By default, choice-based games are less likely to have transcript capability out of the box. Certainly, Ren’Py (the engine I use) does not have an automatic transcript. However, I have noticed some choice-based games come with a History function, which depending on how it is programmed, can be the same thing with a different name. When such a function exists, it generally doesn’t need to be turned on and records all text from the moment “Play” is pressed ,automatically (the player may not be able to see it until they get to an interactive part of the game, however). Player actions may be noted differently from displayed text (for example, in square brackets) and occasionally, relevant major variables are listed as well. The text can even be copied to text programs for annotation and/or onward communication.
I haven’t programmed a History function into Budacanta yet, though I intend to do so before starting to do testing for the first commercial part of the game. (It didn’t happen for the demo because it simply didn’t occur to me, and since none of my testers had ever used a transcript either…) I was primarily interested in shipping something that worked and wasn’t going to be terrible, and advised my testers accordingly. Thankfully, the four people I picked had quite different ideas of what that meant, meaning I got feedback on everything from the tutorial to technical corrections concerning aircraft.
I didn’t bother asking for much detail about what had preceded any problems, just where players had got to when they encountered it. (Thankfully, every bug/typo/low-flying slow plane turned out to be reproducible from this information, so I got away with this approach).
On the other hand, when I organised my first translation’s beta testing, my poor translator had to put a series of 38 screenshots to illustrate the (many) game-breaking bugs due to me forgetting to define a character (19 screenshots with the cursor on which option was selected, and 19 of the resulting errors). Please bear in mind all of these screenshots were in Indonesian - a language I have never studied. Let’s say I learned to dread seeing “Bengeculian telah terjadi” on my screen… (Indonesian for “A runtime error has occurred”).

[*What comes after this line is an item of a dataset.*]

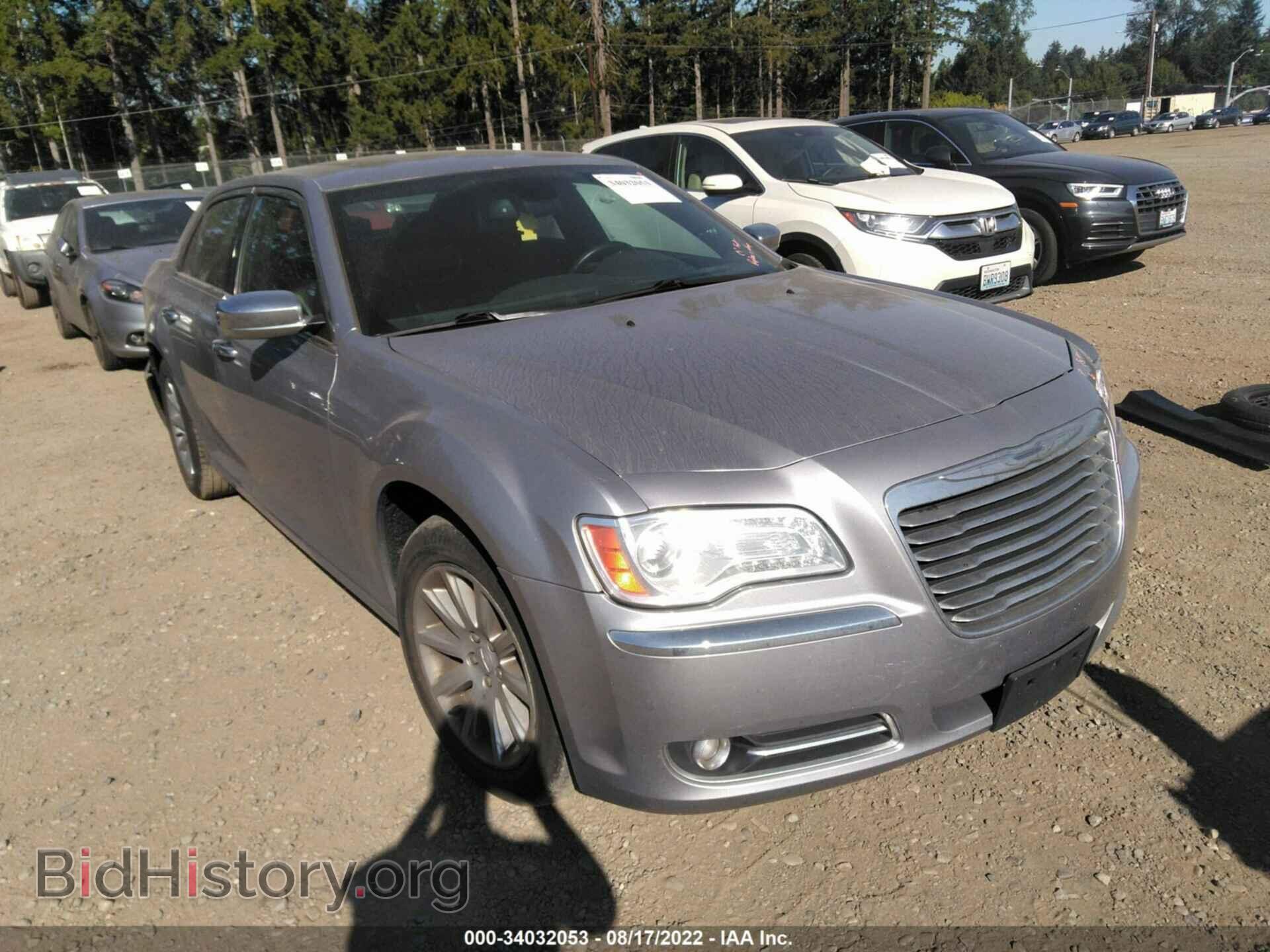 Фотография 2C3CA6CT6BH558862 - CHRYSLER 300 2011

Due to the relatively high word count in visual novels compared to parser-based adventures, typoes are slightly more likely to be forgiven (although testers are just as likely to spot them, and rightly so). Theme and character tend to be easy to find testers for. Bugs that give errors or make the game unplayable will be mentioned regardless of the game format. Beta testers who will comment on the accuracy of technical details and pacing advice are more difficult to find in a choice context. It’s also surprisingly difficult to find testers who will mention blatant logic issues in a choice game - the “main character is able to eat 360 grilled cheese sandwiches in a row” bug was something I mentioned on one choice-based Discord, to be met with replies along the lines of, “How is that a bug? You didn’t need to remove that - it’s funny!” Something tells me that a parser-based tester, of a game that is clearly not meant to be a reality-bending comedy, would not have provided the feedback that way 
Sensitivity testers (specialists in spotting problems with either the representation of a particular viewpoint, or the way the game portrays its story to players of particular backgrounds) are still not used for the majority of choice games that could potentially use them, but are starting to do testing in that space.
A pure-choice game isn’t going to need its choice array “stretching” unless, for some reason, the author opted to roll their own (which is rare, given that several platforms are both relatively easy to pick up and extensible and expertise tends to get siloed into platform-specific locations).

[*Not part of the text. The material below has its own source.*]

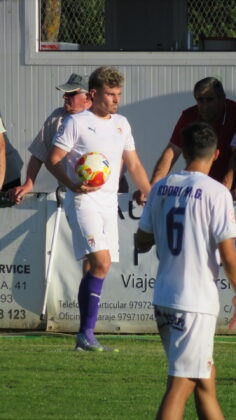 CD Becerril contra Palencia Cristo Atl&eacute;tico. Fotograf&iacute;a: Dani V.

I cannot comment on puzzle testing because my game didn’t have any formal puzzles last time it was tested, but some choice games do have puzzles and other authors will be more qualified to comment on this matter.
I am using version numbering on my game. Ren’Py does not automate the numbering system, although it automatically renames builds according to the version number provided. This means that testers are unlikely to confuse versions of the game unless the author has failed to communicate which version is the current one.
There’s also a lot more propensity for choice-based authors to provide small snippets of code or text and ask, “Does this look OK to you?” This means a certain amount of ad hoc testing is going on outside of formal beta testing cycles.
If all else fails, it’s possible to send Ren’Py authors the entire save file. It’s only readable in the game, but it does allow the author to go through the rollback and reconstruct the most recent move(s) the player sequence up to that point. Note that this is likely to work, to varying degrees, in any game with a save function and a substantial rollback or undo facility.
(Consider allowing unlimited rollback/undo on test versions of your game for this reason, even if you are not planning to permit this in the completed version. You can always use tester feedback to decide what level of undo is right for the completed game).